LIBROS

Mario Levrero, el raro entre los raros del 'boom' latinoamericano: "Más que escritor, era alguien que salvaba su vida escribiendo"

Se publica la correspondencia que el escritor uruguayo dirigió a la que sería su esposa Alicia Hoppe, como una propuesta estrictamente literaria

"Cuando le conocí se sentía profundamente solo, vivía muy angustiado y siempre tuvo una enorme incapacidad para la vida práctica y sin embargo contaba con un gran carisma y un poderoso sentido del humor, un humor a veces muy negro", cuenta su viuda

Alicia Hoppe, viuda del escritor Mario Levrero, en el hotel Zenit de Barcelona. / JORDI OTIX

Un hombre abre la puerta de su casa a una mujer que le quiere vender algo, un líquido verde en una botellita. Entra. Tras ella aparecen y pasan a la estancia equilibristas, un payaso, un domador con su león y su tigre, la caballista de pie sobre un corcel e incluso un elefante. Todos hacen sus monerías circenses en el recibidor hasta que el hombre, harto de todo aquello, le dice a la mujer que se vaya, que no le interesa. Ella lo hace dócilmente y él le pregunta enfadado si se va a llevar todo aquello con ella. “No -acaba el cuento- esa gente no ha venido conmigo”. 

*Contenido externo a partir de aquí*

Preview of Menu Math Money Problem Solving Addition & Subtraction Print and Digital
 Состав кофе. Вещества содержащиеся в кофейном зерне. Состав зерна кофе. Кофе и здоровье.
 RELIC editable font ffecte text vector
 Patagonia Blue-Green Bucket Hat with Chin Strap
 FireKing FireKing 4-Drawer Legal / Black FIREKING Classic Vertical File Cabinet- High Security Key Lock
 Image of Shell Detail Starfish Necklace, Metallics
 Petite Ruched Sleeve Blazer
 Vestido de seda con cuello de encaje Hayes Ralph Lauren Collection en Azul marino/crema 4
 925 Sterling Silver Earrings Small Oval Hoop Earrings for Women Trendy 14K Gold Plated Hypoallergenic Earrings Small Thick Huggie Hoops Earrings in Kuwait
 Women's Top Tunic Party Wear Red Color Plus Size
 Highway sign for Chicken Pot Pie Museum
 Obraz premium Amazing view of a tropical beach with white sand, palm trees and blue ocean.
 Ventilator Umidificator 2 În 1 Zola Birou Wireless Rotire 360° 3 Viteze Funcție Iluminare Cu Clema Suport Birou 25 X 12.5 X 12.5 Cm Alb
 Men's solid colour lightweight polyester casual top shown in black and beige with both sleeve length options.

Alicia Hoppe, viuda del escritor Mario Levrero en el hotel Zenit de Barcelona. / JORDI OTIX

Quien escribió este relato es el uruguayo Mario Levrero (1940-2004), que cumplió gracias a una vida y a un carácter excéntrico todos los requisitos para convertirse en un autor de culto: vivió una vida más bien gris en Montevideo, donde nació y murió; apenas trabajó (si se entiende por trabajo eso que nos hace pagar la luz y el alquiler), y dedicó gran parte de su tiempo a leer novelas policiacas ínfimas, a la juerga canalla con los amigos (en su juventud), a levantarse a las dos de la tarde para desayunar e irse a dormir cuando la mayoría de la gente se levanta. Y naturalmente, a escribir obsesivamente “para salvar el alma”.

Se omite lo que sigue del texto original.